Monday, May 21, 2007

This Week’s News: Youth in Transition

Education

Alternative Schools Linger in the Shadows
Minneapolis-St. Paul Star Tribune – May 12, 2007
Enrollment in state-approved, taxpayer-funded alternative education programs is surging, with nearly 150,000 Minnesota students enrolled – about 25,000 full time – at a cost of more than $217 million a year. But local, state and federal education officials are hard-pressed to say how they or their schools are performing. Absenteeism is rampant, with anywhere from one-fourth to half of students skipping school on a given day. While few alternative students take standardized tests, scores for those who do are alarmingly low: Advocates can recite success stories about young people turning their lives around in alternative programs. And, because so many of their students have failed in traditional schools, alternative educators ask to be judged by different standards. But a state commissioner frets that school districts are pushing too many of their struggling students into alternatives.

Learning What’s Right with Schools
Santa-Barbara Independent – May 14, 2007
Although many Americans worry about public schools in general, they remain positive about their neighborhood schools. Such views are understandable given the general media fascination with negative stories and a continuing political emphasis on only what’s wrong with public schools. In sharp contrast to stories-as-usual, The Center on Education Policy and the American Youth Policy Forum publish a report on the good news associated with public education.

Juvenile Justice

Juvenile defendants may be too immature to stand trial, appeals panel says
Sacramento Bee – May 11, 2007
A California appellate court made it clear for the first time Thursday that some juvenile defendants may simply be too young to stand trial, including an 11-year-old defendant prosecuted for stealing candy bars.
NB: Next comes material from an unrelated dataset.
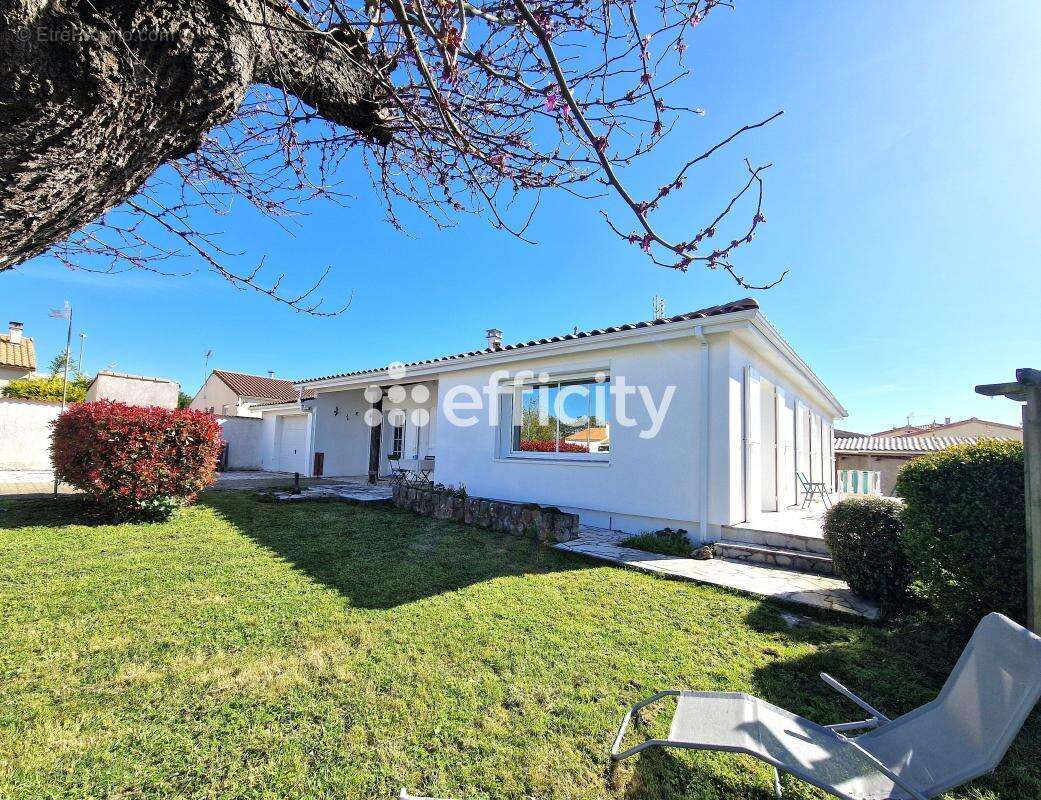 Maison à VAUX-SUR-MER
The Sacramento-based 3rd District Court of Appeal said that children can be so immature that they cannot understand their legal proceedings or assist in their own defense. In doing so, the justices overruled Sacramento juvenile court judges who had ruled that children must have either a mental disorder or a developmental disability to be deemed incompetent to stand trial. While some hailed the ruling for establishing a new legal standard of juvenile competency, Deputy Attorney General Angelo Edralin said it merely instructed juvenile judges to be more thorough
when considering incompetency claims.

Injuries of teen inmates probed
USA Today – May 17, 2007
Texas authorities are investigating whether guards at state juvenile detention facilities broke the bones of 60 young offenders as a result of abusive tactics. The newly disclosed review comes amid spreading concerns about the treatment of teenage inmates. The investigation is part of a criminal inquiry into the Texas Youth Commission, one of the nation's largest juvenile justice systems, with about 4,000 offenders. In the past seven years, juvenile facilities in 11 states have been the focus of federal reviews for possible civil rights violations, according to Justice Department records.

New ‘screening’ tool proposed for juvenile offenders
Baltimore Examiner – May 15, 2007
Every year, Baltimore County authorities identify 2,200 juveniles headed down the wrong path. About 500 end up becoming what police call “repeat serious offenders” who need to be behind bars for the public’s safety. But how can authorities know which of the kids who appear to be going in the wrong direction actually will become dangers to society? The Baltimore County Criminal Justice Coordinating Council is designing a new screening tool that it hopes will help determine that. With the help of the Maryland Department of Juvenile Services, the county is drafting an approximately 30-question form that officials say will identify the “highest-risk” juvenile offenders before it’s too late. Depending on the answers to these questions, the juvenile is then assigned a point total to assess how likely he or she is to become a repeat serious offender. The point of the new screening tool is an attempt to get good data on the county’s most troubled teens.

Foster Care

Group Challenges Evangelicals to Adopt Foster Kids
National Public Radio – May 13, 2007
The Colorado Springs-based Focus on the Family held a three-day summit this week to challenge evangelicals to adopt foster children. The federal government estimates that there are half a million kids in foster care in the United States. Some 115,000 are awaiting adoption. The pilot project in Colorado is meant to serve as a national model. On the last day of the summit, churches from Colorado's biggest cities are being brought in to be "challenged" to get their members to adopt.

Troubled children hardest to place
Los Angeles Times – May 17, 2007
Finding adoptive homes for teenage foster kids has always been a challenge. Most languish in foster care until they "age out" at 18, and many of those wind up unemployed, homeless or in jail. For foster children with criminal histories, the situation is even bleaker. Their crimes are typically disciplinary infractions or fighting, running away, vandalism or stealing, actions that might get a teenager with parents grounded but get a youth in foster care hauled off by police. They become wards of the Los Angeles County Probation Department and — with no parents pledging support or homes to return to — are often ordered into group homes or institutions, where they stay even after their terms are completed. Four years ago — prodded by changes in state law and technological advances that make searches easier — the Probation Department launched one of the first programs in the nation aimed at finding adoptive homes for foster children in the juvenile justice system.